I wanted to tell her I’d tried that too. I’d tried being one of the good ones but it never worked out well. If she lived long enough or at least saw the history of people unfold, she’d know it was the villains who ran the world. Part of me thought to become the villain then…but the more rational part of me wondered if this was my hell, if I was doomed to live, love, die and repeat for all time, what in the hell was fate?
It was fear that kept me from ever getting to that stage.
ESTHER
“Here you go. One Wake Me Up for Esther and one Big Man for…you. What’s your name again?” Pete asked Malachi as he placed the plate of bacon, ham, sausage, and hash browns in front him. But Malachi…he wasn’t there. He was sitting in front of me. I could see him; we could all see him. But in his eyes I could see that he was in another world…in another memory or at least getting there. I wasn’t sure what to do. I didn’t want to make a scene but if it was as bad as last time…he’d be on the ground soon. And I’d have no way to keep him from the hospital or the gossip.
“It’s Malachi. Thanks, Pete.” I smiled.
Pete nodded at me before he glanced back over his shoulder towards his wife, Millie, who was in the back awkwardly staring at Malachi as if he were…a hunchback. Reaching over to him I put my hand on his wrist and squeezed tightly.
“Malachi, please,” I whispered softly. “Whatever it is…it’s already happened. Wake up. Malachi…Malachi.”
He blinked a few times before his clear blue eyes focused on me. He grimaced as he reached up to touch his scar. It took him a second to figure out that we were at the diner and when he did he glanced around and those who’d been staring quickly looked away, making it obvious they had been staring at him to begin with.
Picking up his fork he hunched over the plate and
hid his face.
“You don’t have to be embarrassed—”
“I run at night,” he whispered as he looked up. “Somewhere between one and three in the morning. I go running because normal people would be sleeping at that time—you’re sleeping at that time. But it’s the only time I don’t have to stay in my safe zone. I don’t watch television, or read the news, or travel more than twenty miles from where I’m living at the time. I avoid eye contact with those around me. Why? Because knowing that I might one day see her scares me. And now that I know who and where she is, the pain isn’t so bad anymore, but I can’t control the memories.”
He lifted his index finger to the poster hanging right beside my head. It was a Native American woman who stood on the mountains with a staff in her hands, looking over the forest. Pete was half Cree and Crow Indian so the imagery fit in perfectly with the theme of the diner.

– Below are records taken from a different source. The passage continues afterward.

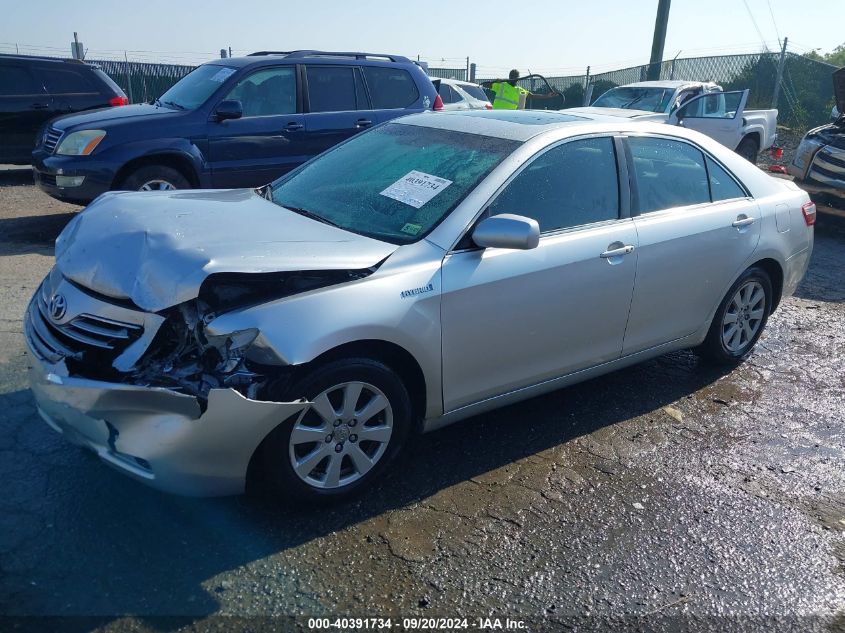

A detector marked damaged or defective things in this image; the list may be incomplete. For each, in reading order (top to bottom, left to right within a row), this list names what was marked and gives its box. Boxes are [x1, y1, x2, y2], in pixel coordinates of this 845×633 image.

damaged bumper [30, 358, 314, 496]
damaged front end [23, 266, 374, 494]
crumpled hood [56, 188, 398, 312]
damaged white car [24, 111, 812, 502]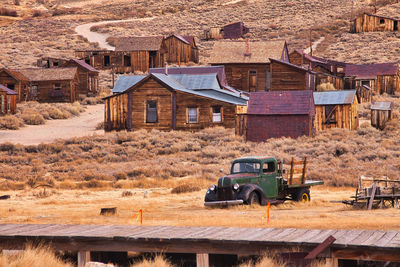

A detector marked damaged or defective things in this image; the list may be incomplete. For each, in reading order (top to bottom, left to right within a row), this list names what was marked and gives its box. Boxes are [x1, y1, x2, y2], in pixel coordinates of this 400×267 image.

rusty metal roof [346, 63, 398, 79]
rusty metal roof [247, 91, 316, 115]
rusty metal roof [312, 90, 356, 106]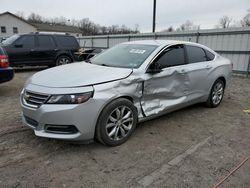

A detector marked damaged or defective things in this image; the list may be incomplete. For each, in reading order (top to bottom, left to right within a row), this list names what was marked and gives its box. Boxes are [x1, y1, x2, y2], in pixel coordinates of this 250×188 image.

crumpled hood [28, 62, 133, 88]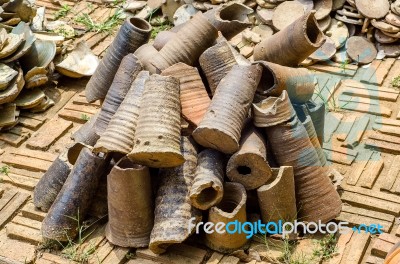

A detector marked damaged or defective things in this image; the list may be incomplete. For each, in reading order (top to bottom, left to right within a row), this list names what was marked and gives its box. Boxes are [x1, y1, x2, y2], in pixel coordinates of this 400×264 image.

broken ceramic bowl [55, 40, 99, 77]
broken pottery shard [55, 40, 100, 77]
broken pottery shard [84, 17, 152, 102]
broken pottery shard [94, 54, 143, 136]
broken pottery shard [94, 71, 150, 156]
broken pottery shard [128, 74, 184, 167]
broken pottery shard [151, 12, 219, 72]
broken pottery shard [161, 63, 211, 127]
broken pottery shard [199, 40, 238, 95]
broken pottery shard [191, 64, 260, 155]
broken pottery shard [203, 2, 253, 40]
broken pottery shard [255, 90, 296, 127]
broken pottery shard [255, 61, 314, 104]
broken pottery shard [255, 11, 326, 67]
broken pottery shard [346, 35, 376, 64]
broken pottery shard [33, 152, 72, 211]
broken pottery shard [41, 148, 108, 241]
broken pottery shard [105, 159, 154, 248]
broken pottery shard [148, 136, 202, 254]
broken pottery shard [189, 150, 223, 209]
broken pottery shard [206, 183, 247, 253]
broken pottery shard [227, 125, 274, 190]
broken pottery shard [256, 167, 296, 223]
broken pottery shard [264, 97, 342, 223]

“Your life as a native American?”
He nodded. “She was too. But from another tribe that was at war with mine. I was brought as a captive, wounded. In that life, her father’s axe gave me this.” He tapped his face. “In every life, through some circumstance I get this scar. In that life, just as I woke, and all the memories came back she was already the one tending to me. She said she remembered the moment she saw me. We spoke for an hour. We reunited for an hour before my tribe attacked and she and I both died. One hour, can you believe that?”
He snickered bitterly as he lifted a piece of bacon to his lips.
“Malachi…”
“You don’t have to look for the words. No one ever has the words. I don’t want your pity. Honestly, I don’t know what I want…I feel like…never mind.”

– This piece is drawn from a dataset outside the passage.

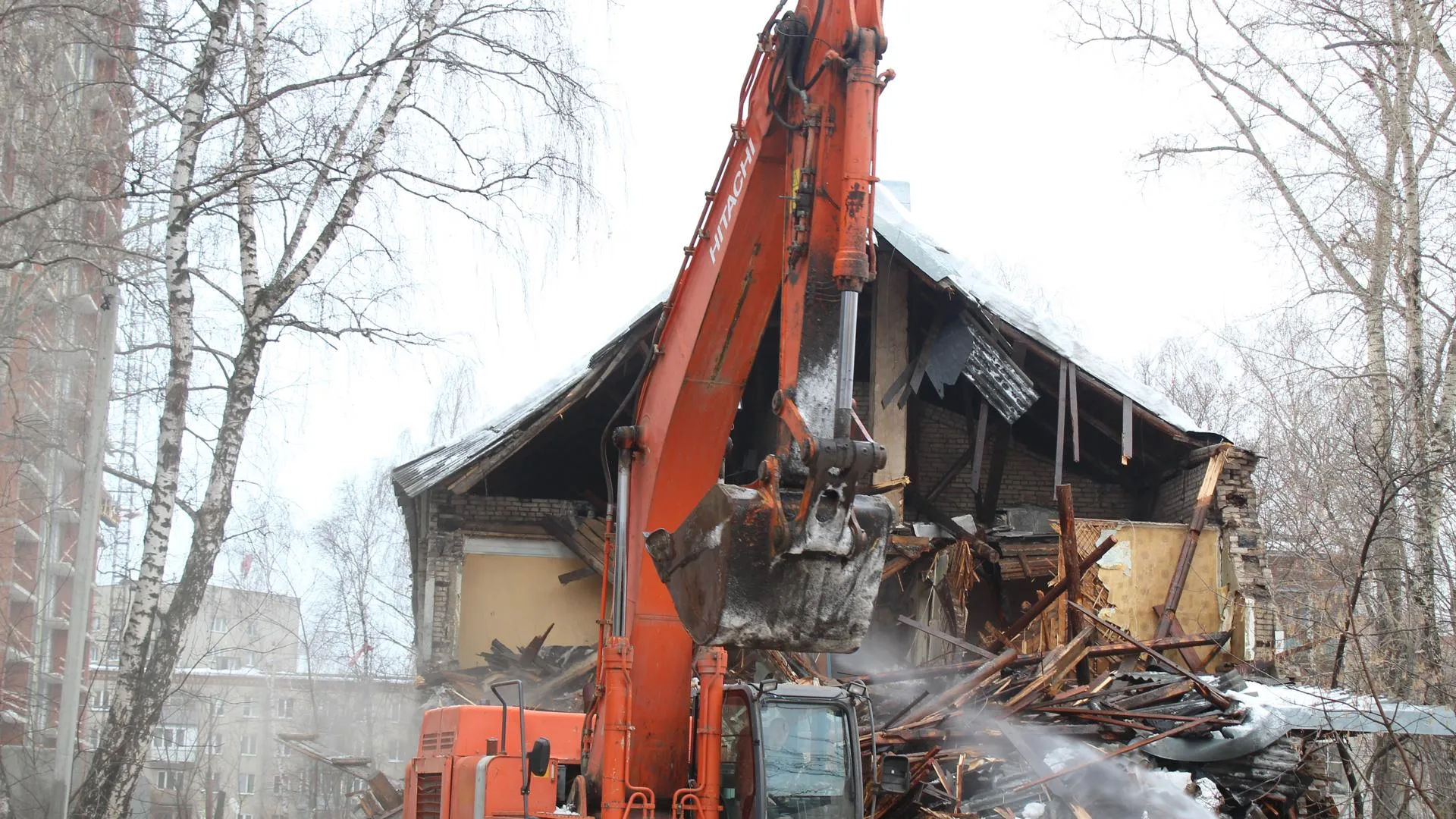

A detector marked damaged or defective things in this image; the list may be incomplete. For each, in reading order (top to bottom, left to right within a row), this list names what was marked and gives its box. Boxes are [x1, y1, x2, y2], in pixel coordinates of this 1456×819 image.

broken brick wall [908, 399, 1135, 519]
broken brick wall [416, 489, 591, 670]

“No, tell me.” I reached for my fork too.
He forced himself to smile. “Are you my therapist now?”
“I’m your friend.”
His eyebrow raised. “Friend?”
“Yes.” I nodded. “You annoy me sometimes…a lot of the time actually. You’re stubborn, and you always know what to say to get right under my skin. But…you…you are both friend and family. I know my grandpa cares about you a lot too. Sometimes I would get a little jealous when you would make a bestsellers list. Grandpa always mutters under his breath ‘that’s my boy.’ It made me work harder. I’m a tad bit competitive.”